EXERCISE INPUTS START

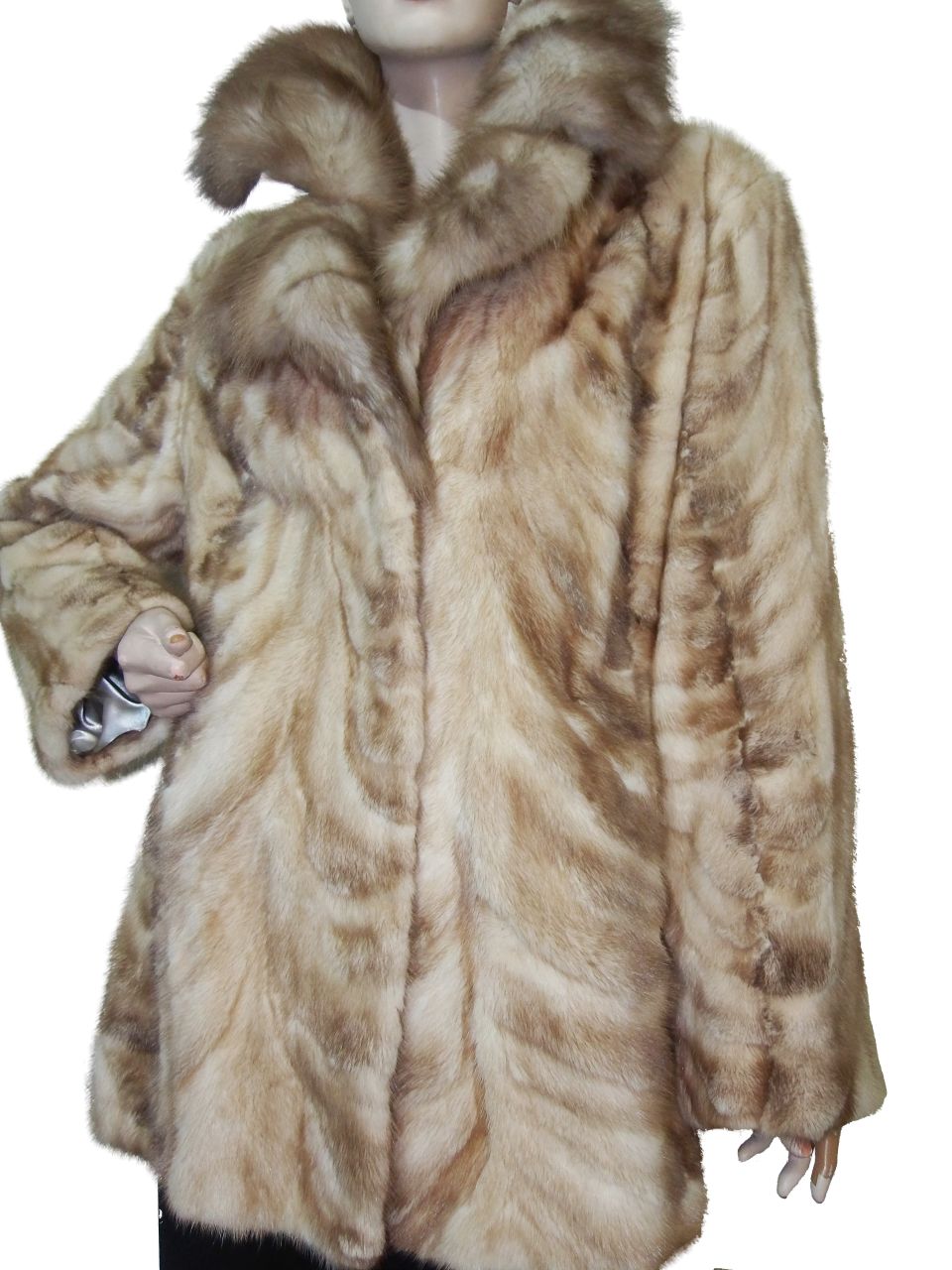 klassische Jacke aus Nerzpfoten, Natur, Gr.:42 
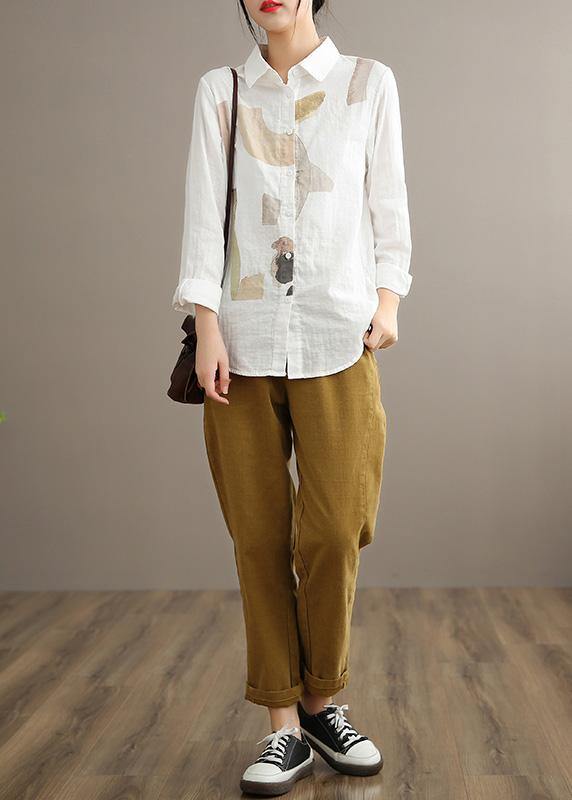 Simple Lapel Cinched Spring Clothes Khaki Print Top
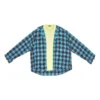 Cămașă și tricou cu imprimeu în carouri Trompe L’oeil „Albastru-Galben Neon” 699371TMM116305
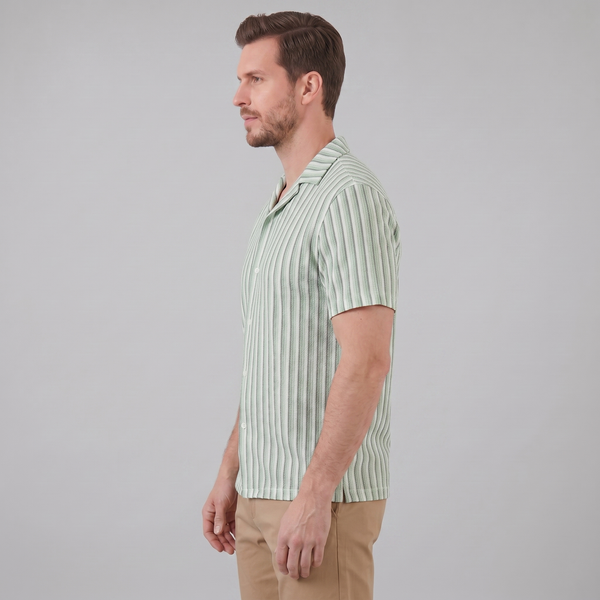 Vertical Stripe Knit Resort Shirt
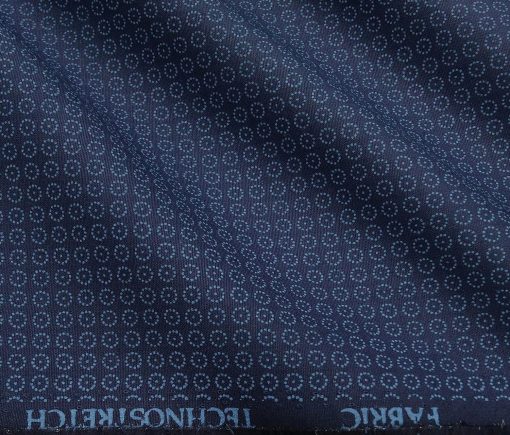 Raymond Men's Cotton Printed 1.80 Meter Unstitched Technostretch Shirt Fabric (Dark Blue)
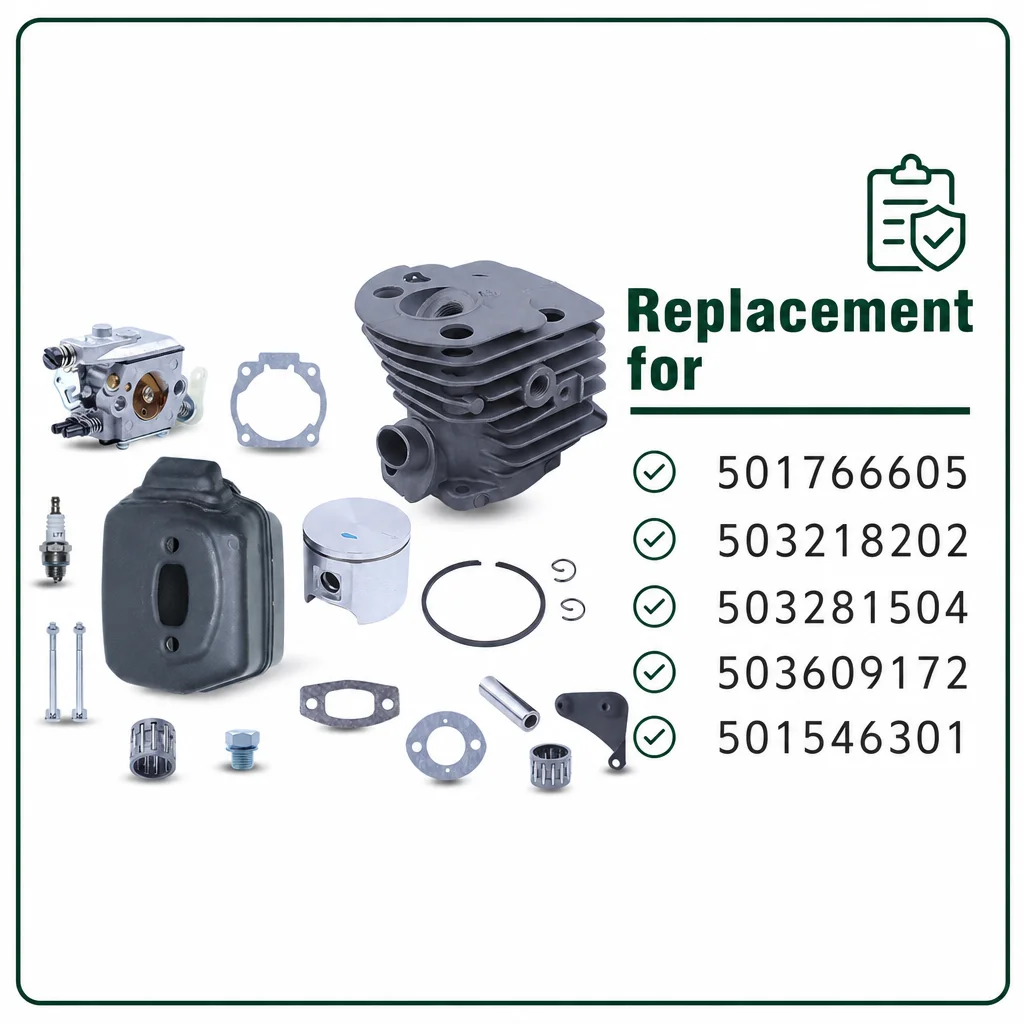 46mm Cylinder Piston Muffler Carburetor Spark Plug Kit For Husqvarna 55 51 Chainsaw Tune Up Kit Replacement Parts OEM 501766605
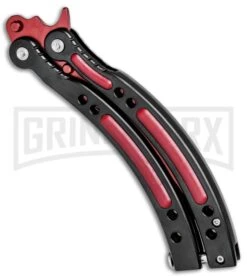 Andux CS Red/Black Balisong Butterfly Trainer - Red Plain -Kershaw Shop Andux C S Red Black Balisong Butterfly Trainer Red Plain A0002538 BP 24571 jr side large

EXERCISE INPUTS END

▸ **EXERCISE INSTRUCTIONS**
Only the lines from the top of the material above down to the line bearing "46mm Cylinder Piston", that line included, should be set down exactly; no pictures.

▸ **SOLUTION TO THIS PROBLEM**
 klassische Jacke aus Nerzpfoten, Natur, Gr.:42 
 Simple Lapel Cinched Spring Clothes Khaki Print Top
 Cămașă și tricou cu imprimeu în carouri Trompe L’oeil „Albastru-Galben Neon” 699371TMM116305
 Vertical Stripe Knit Resort Shirt
 Raymond Men's Cotton Printed 1.80 Meter Unstitched Technostretch Shirt Fabric (Dark Blue)
 46mm Cylinder Piston Muffler Carburetor Spark Plug Kit For Husqvarna 55 51 Chainsaw Tune Up Kit Replacement Parts OEM 501766605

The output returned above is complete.